The Twentieth Century tells a bastardised history of Canadian politics

Matthew Rankin’s audacious debut uses its seedy style to rewrite the life and times of a former Canadian Prime Minister.

Dan Beirne as Mackenzie King in The Twentieth Century (2019)

The Twentieth Century: the Epic of Mackenzie King as Recounted in Ten Chapters is streaming on Mubi from 15 February.

A (heavily) fictionalised account of the early political career of William Lyon Mackenzie King, three-time prime minister of Canada, The Twentieth Century is a feverish hallucination of emotional repression. Set during the Canadian prime ministerial election of 1899 (at which point the real King had yet to begin his career in politics), the film features a cast of actual historical figures mutated beyond recognition. The British aristocrat and governor-general of Canada Lord Minto here becomes the imperialist-fascist dictator Lord Muto, who is set on defeating Joseph-Israël Tarte, a real-life Québécois leftist political leader who here is hatched from a giant egg.
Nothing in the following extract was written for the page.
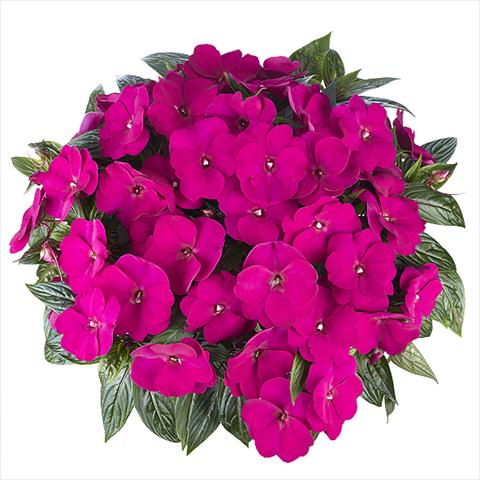 Foto fiore da  Basket vaso o aiuola Impatiens Nuova Guinea Tamarinda Max Purple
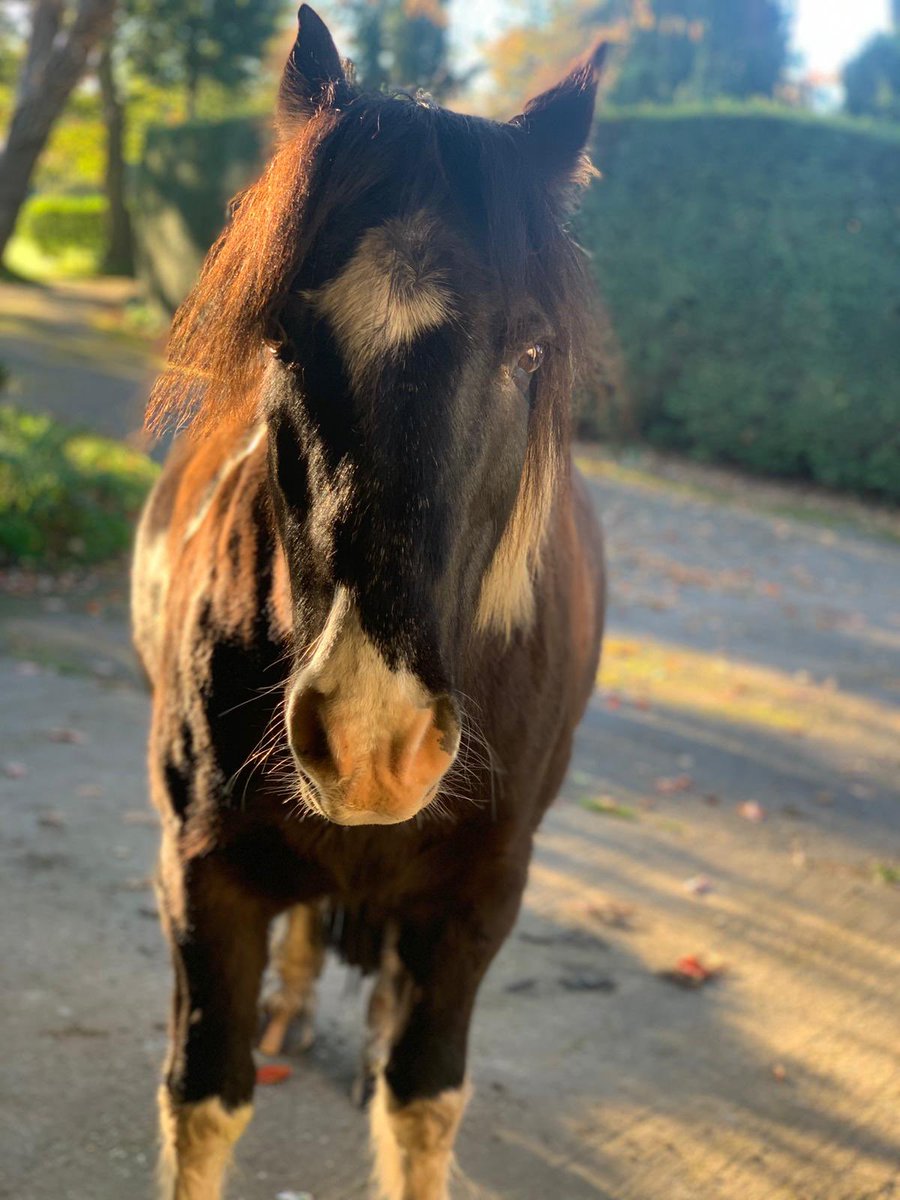 KerrieGibbons's tweet photo. Nothing better than a bombproof pony to boost our Dottie’s confidence. This little pony actually melts my heart! We ❤️ you DelBoy! #firstpony #ponylove #DotandDel #castlelife #blesshim #gorgeousboy #bombproofpony https://t.co/VR65yXeD3S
As Lord Muto and Tarte battle for election victory, the young Mackenzie King is an easily-influenced accomplice. Throughout the film his political affiliation shifts to match his current love interest: his infatuation for Muto’s British nationalist daughter Ruby is displaced by French-Canadian Nurse Lapointe, who introduces King to Tarte’s utopian ideals.

The Twentieth Century (2019)

One particularly apocryphal addition to King’s history is an obsessive fetish for women’s boots; his deeply felt shame for this form of sexual desire is symbolised by an ejaculating cactus in the corner of his childhood bedroom, which eventually decomposes into a festering pile of sludge.

Rankin’s aesthetic influences are remarkably varied but never messily combined: the angular sets representing the snowy Canadian landscape are pure German expressionism; Lord Muto’s totalitarian rallies combine Orwell, Riefenstahl and Soviet constructivism in a megamix of megalomania; the humour is Monty Python meets The Mighty Boosh, and the tone deliriously absurdist whilst simultaneously mimicking the colonialist ‘objectivity’ of Pathé newsreels. The approach may sound scattergun but the resulting work is intricately and carefully crafted, right down to the scuzzy graininess of the 16mm and super 8 film stock.

The Twentieth Century will not be to everyone’s taste but for fans it is destined to become a cult classic. With delightfully memorable dialogue, including King’s catchphrase (“Sure as a winter’s day in spring”) and repeated references to “upstanding Canadian members”, this is a film that will inevitably leave a legacy of raucous quote-along midnight screenings.